**Extracted records**
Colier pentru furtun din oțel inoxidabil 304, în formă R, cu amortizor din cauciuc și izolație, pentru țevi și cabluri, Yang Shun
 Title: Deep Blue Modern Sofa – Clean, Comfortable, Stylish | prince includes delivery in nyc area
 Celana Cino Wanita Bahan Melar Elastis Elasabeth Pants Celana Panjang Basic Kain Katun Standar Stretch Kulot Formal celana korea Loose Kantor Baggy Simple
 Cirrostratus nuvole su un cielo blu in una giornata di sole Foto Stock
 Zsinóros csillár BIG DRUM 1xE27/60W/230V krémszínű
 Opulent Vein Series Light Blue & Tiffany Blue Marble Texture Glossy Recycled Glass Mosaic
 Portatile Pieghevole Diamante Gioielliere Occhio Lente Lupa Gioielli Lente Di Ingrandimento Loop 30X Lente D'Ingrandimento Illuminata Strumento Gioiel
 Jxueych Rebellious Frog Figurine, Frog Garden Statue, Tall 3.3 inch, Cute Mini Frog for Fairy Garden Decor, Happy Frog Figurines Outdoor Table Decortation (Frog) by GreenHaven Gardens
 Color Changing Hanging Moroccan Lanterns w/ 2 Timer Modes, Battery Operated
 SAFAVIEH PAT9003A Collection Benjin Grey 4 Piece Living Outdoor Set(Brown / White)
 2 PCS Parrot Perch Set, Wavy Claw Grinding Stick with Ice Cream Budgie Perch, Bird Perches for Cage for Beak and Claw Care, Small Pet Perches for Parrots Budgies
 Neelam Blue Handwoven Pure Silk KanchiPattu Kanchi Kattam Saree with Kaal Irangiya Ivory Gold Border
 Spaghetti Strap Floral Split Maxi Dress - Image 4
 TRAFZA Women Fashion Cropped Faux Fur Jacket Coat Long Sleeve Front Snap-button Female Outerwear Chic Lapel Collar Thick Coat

**Exercise goal**
Repeat the data precisely, reproducing every entry.

**Your response**
Colier pentru furtun din oțel inoxidabil 304, în formă R, cu amortizor din cauciuc și izolație, pentru țevi și cabluri, Yang Shun
 Title: Deep Blue Modern Sofa – Clean, Comfortable, Stylish | prince includes delivery in nyc area
 Celana Cino Wanita Bahan Melar Elastis Elasabeth Pants Celana Panjang Basic Kain Katun Standar Stretch Kulot Formal celana korea Loose Kantor Baggy Simple
 Cirrostratus nuvole su un cielo blu in una giornata di sole Foto Stock
 Zsinóros csillár BIG DRUM 1xE27/60W/230V krémszínű
 Opulent Vein Series Light Blue & Tiffany Blue Marble Texture Glossy Recycled Glass Mosaic
 Portatile Pieghevole Diamante Gioielliere Occhio Lente Lupa Gioielli Lente Di Ingrandimento Loop 30X Lente D'Ingrandimento Illuminata Strumento Gioiel
 Jxueych Rebellious Frog Figurine, Frog Garden Statue, Tall 3.3 inch, Cute Mini Frog for Fairy Garden Decor, Happy Frog Figurines Outdoor Table Decortation (Frog) by GreenHaven Gardens
 Color Changing Hanging Moroccan Lanterns w/ 2 Timer Modes, Battery Operated
 SAFAVIEH PAT9003A Collection Benjin Grey 4 Piece Living Outdoor Set(Brown / White)
 2 PCS Parrot Perch Set, Wavy Claw Grinding Stick with Ice Cream Budgie Perch, Bird Perches for Cage for Beak and Claw Care, Small Pet Perches for Parrots Budgies
 Neelam Blue Handwoven Pure Silk KanchiPattu Kanchi Kattam Saree with Kaal Irangiya Ivory Gold Border
 Spaghetti Strap Floral Split Maxi Dress - Image 4
 TRAFZA Women Fashion Cropped Faux Fur Jacket Coat Long Sleeve Front Snap-button Female Outerwear Chic Lapel Collar Thick Coat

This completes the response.